Open Source AI needs to require data to be viable

stefano · June 6, 2024, 11:52am

Thanks @Mark I think we’re in agreement with the “open” debate. Let’s get back on topic:

Sorry if I sound like a broken records but we need absolute precision otherwise this becomes a debate about the gender of angels. What do you mean exactly by “requires data”? I don’t think that what the OP suggests is reflected in the criteria you used to assign green marks in your paper. Please correct me where I’m wrong.

Take Pythia-Chat-Base-7, a fine-tuned system you’ve reviewed based on EleutherAI’s Pythia 7B, which we’ve reviewed.

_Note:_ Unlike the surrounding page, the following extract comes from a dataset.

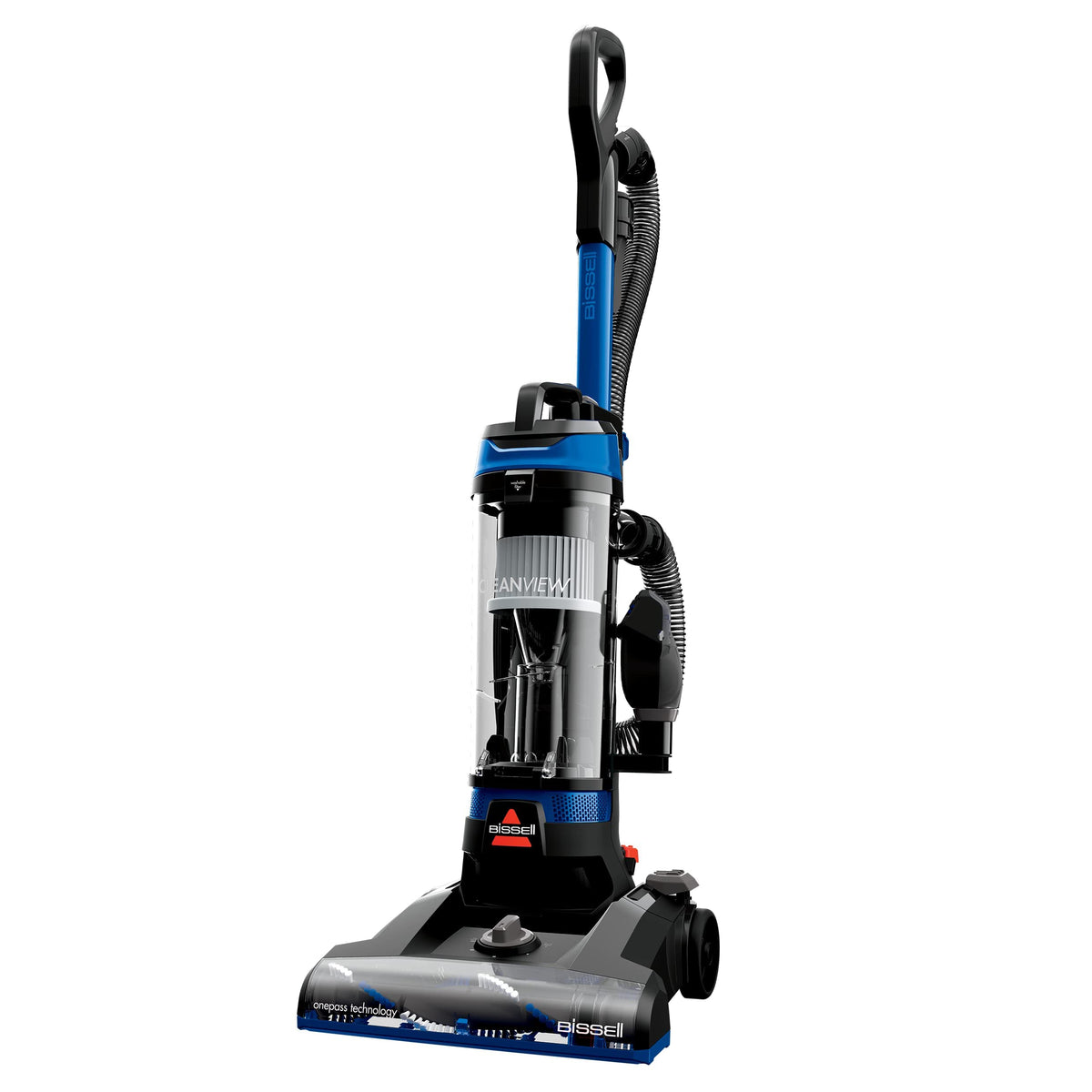 Upright Vacuum with 2L Dirt Tank U785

Pythia-Chat-Base-7 reveals the training dataset is OpenDataHub. That repository shows that the data is shared as links to Google Drives (if I read the code correctly). If one is interested in retraining Pythia-Chat-Base-7 (why would one want to do that is not for me to ask at this moment, but I reserve the right to ask later) one would have to go to OpenDataHub and get the datasets. But there is also the chance that the data is not there anymore, as links go stale.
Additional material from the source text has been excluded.